Executive Summary

Long-term monitoring data (from 1970 to 2018) and 3D modelling investigations (of selected years from 1979 to 2018) were integrated to study changes in the water quality and nutrient budgets within the Peel-Harvey Estuary (PHE) in response to varied environmental stressors, including catchment loading, a drying climate trend, and the Dawesville Cut construction. The results showed that (1) there was a declining trend of nutrient inputs from the catchment into the PHE, driven by a reduction in flows and nutrient management measures in the catchment; (2) the role of the PHE system in filtering catchment nutrient inputs has changed due to the opening of the Dawesville Cut (e.g., addition of the Cut on average improved the TN export from 50% to 71%, and TP export from 31% to 49% of annual catchment loading, and the nutrient export via the Cut is about 2–3 times of that through the Mandurah Channel); (3) the PHE system has a significant spatial heterogeneity in water quality in response to catchment loading; (4) the estuary response model well reproduced the nutrient pools and water quality evolution in PHE especially in the post-Cut period, suggesting in its current form it is suitable for assessing management scenarios associated with nutrient load management or climate change; and (5) estuary response functions were developed to simplify models and showed locations near the channels are less sensitive to the catchment inputs, as well as that the Harvey Estuary displays a stronger salinity and phytoplankton biomass response to the catchment inputs compared to the Peel Inlet. Key Findings:

  • A reconstruction of nutrient loads over time, including relative nutrient species partitioning, has shown the long-term reduction in load, but relative stability in flow-weighted inflow concentrations.
  • Continual changes in water quality have occurred in the estuary over time, including following the Cut and as well as a long-term response following the reduced flows.

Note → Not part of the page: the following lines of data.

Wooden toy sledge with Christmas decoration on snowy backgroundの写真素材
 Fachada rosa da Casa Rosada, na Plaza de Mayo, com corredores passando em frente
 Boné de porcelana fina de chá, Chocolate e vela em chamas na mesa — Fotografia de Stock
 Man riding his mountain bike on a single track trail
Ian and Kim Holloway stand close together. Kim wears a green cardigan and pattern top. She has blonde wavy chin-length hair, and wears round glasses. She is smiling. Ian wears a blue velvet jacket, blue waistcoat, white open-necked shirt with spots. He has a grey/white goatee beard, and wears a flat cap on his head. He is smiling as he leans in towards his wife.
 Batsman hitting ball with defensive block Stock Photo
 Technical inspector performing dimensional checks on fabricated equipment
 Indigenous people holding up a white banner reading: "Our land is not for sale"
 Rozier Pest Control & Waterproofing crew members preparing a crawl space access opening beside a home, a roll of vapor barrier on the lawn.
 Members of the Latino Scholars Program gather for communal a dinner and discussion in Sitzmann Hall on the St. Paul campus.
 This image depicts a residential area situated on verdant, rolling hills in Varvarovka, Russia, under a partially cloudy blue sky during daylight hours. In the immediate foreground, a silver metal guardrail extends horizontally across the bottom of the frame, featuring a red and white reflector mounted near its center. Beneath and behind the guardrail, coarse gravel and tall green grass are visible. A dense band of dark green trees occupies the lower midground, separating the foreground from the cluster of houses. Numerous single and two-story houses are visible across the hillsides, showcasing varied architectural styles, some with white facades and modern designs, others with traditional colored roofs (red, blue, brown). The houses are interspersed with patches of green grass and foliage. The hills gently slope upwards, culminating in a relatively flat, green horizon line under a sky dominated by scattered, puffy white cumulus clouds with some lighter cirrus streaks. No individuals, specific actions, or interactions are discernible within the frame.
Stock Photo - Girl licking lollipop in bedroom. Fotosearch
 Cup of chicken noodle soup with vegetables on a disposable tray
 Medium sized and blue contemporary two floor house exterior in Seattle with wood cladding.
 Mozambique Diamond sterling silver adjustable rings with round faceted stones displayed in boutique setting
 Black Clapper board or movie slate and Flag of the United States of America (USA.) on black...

  • The high-resolution Peel-Harvey Estuary Response Model has been able to capture water quality variability across regions from rivers to lagoons and channels.
  • The model has allowed the reconstruction of spatiotemporal variability in key water quality attributes and processes impacting the nutrient load partitioning within the estuary.
  • Zonal budgets were undertaken to identify local controls on carbon and nutrient metabolism, and to determine how these respond to changes in flow and catchment loading.
  • The pattern of retention and export has changed over time, following the Cut in particular, but recent changes also due to the reduced inflows.
  • The amount of retention is dependent on annual flow, and therefore maybe sensitive to forecast projections due to drying climate.